A companies case build policies to me, is something you should be taking up with them, and not us. Not to mention that this kind of "thought" in a review can be construed as being biased against the company. Whether truly fact, or not. Now, if the case felt flimsy, or like the screen might snap off in a short period of time of use . . .then sure thats something we should know.
I can say that my personal use case for a laptop is completely different from yours most of the time. Which in of its self is something to consider. For you, and myself both. This is to say, several of the things that are important to you, are not important to me. Maybe there is some way to format different aspects in a way, where readers can easily take notice, and just skip altogether ? Just a thought. E.g. keyboard, and trackpad functionality are nearly irrelevant. For me, if they work, that is good enough. If I need to do any serious typing, or have need for accurate cursor placement, I *will* use external input devices. No mater where I am, or where I am going with my laptop.

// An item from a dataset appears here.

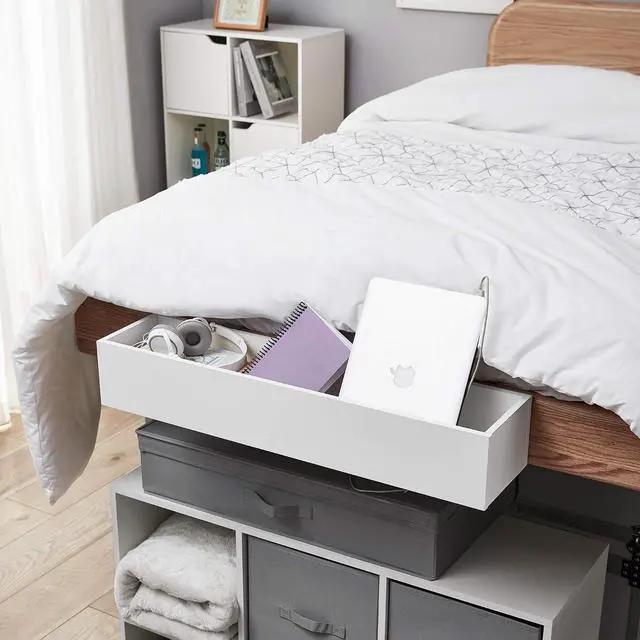 Alt view image 2 of 4 - Yak About It® Dorm Bedside Organizer - White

Anyhow, I felt like this was a decent review, although I care about neither product. I have always liked your reviews Jarred, because for the most part I feel when you review a product you are mostly thorough. Take my niggles for what they're worth, but do please seriously consider adding in driver support/stability comments. I am sure many readers of yours would appreciate that.
JarredWalton - Saturday, May 14, 2011 - linkDriver support is generally fine on any NVIDIA, AMD, or Intel graphics card these days. The reference drivers from all three companies work with the vast majority of notebooks. If there's a problem (e.g. Toshiba opting out of AMD's mobile driver program), I'll make a note of it, but otherwise I haven't seen anything with respect to drivers that concerns me. Granted, if you want to be able to go to, say, MSI and grab all the latest drivers, that might be a bigger problem. I usually go directly to the component manufacturer, so NVIDIA, AMD, Intel, Realtek, etc. sites are where I check. Not sure if that answers your question -- is there something specific you want me to comment on? Stability, incidentally, was top notch on both notebooks, with no crashes or unexpected reboots.

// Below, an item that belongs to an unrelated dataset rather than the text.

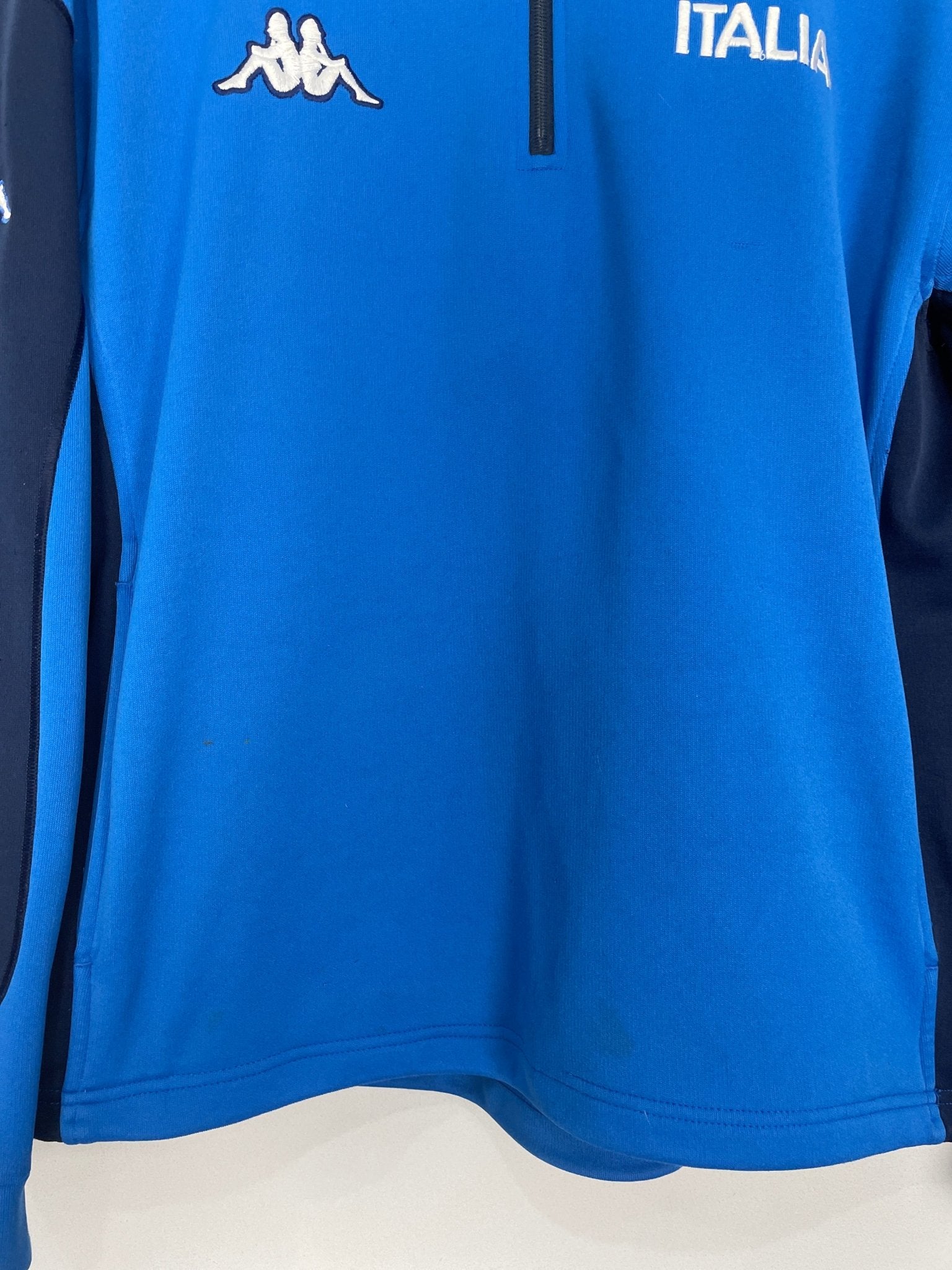 Shop 1999/01 ITALY 1/4 ZIP DRILL TOP (M) KAPPA, classic football shirts, vintage football shirts & retro soccer jerseys at Cult Kits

bhima - Saturday, May 14, 2011 - linkWell balanced review overall. I decided to pick up a clevo based laptop as well, but one with Optimus. The main reason I picked a clevo over the Dell was because I could configure the clevo with a 96% RGB color gamut matte screen (the exact same one that is offered as an upgrade to the W series ThinkPads). Dell glossy screens have a habit of being really "glossy" and I just can't take it anymore. Just like glossy plastic is going out of style, I hope glossy screens for laptops do as well.
Hrel - Sunday, May 15, 2011 - linkI agree with your summation. The Clevo seems like the best of the offerings but has flaws I don't want to live with. I really really wish you could get the G53SW in for review, as as long as the screen is good I'd take it. I agree with your wish for a laptop that doesn't exist too; except I don't care much about the speakers. I'd rather the price not get over 1200 than have uber speakers inside my laptop. If I really care I'll use headsets or external speakers or Logitech's clip on speaker. I could live with the 555M GPU as well, as long as it doesn't cost more than 1200. Laptop guys, DO NOT include Blu Ray; that's literally worth nothing to me. Discs are so last decade.
Since I'm wishing, Asus, or whoever, put your chassis on cyberpower.com as a whitebox or at the very least with the option to not include the OS. I have my own thanks.
Hrel - Sunday, May 15, 2011 - linkId like to see a review of the gt540 1080p laptop cyberpower has now.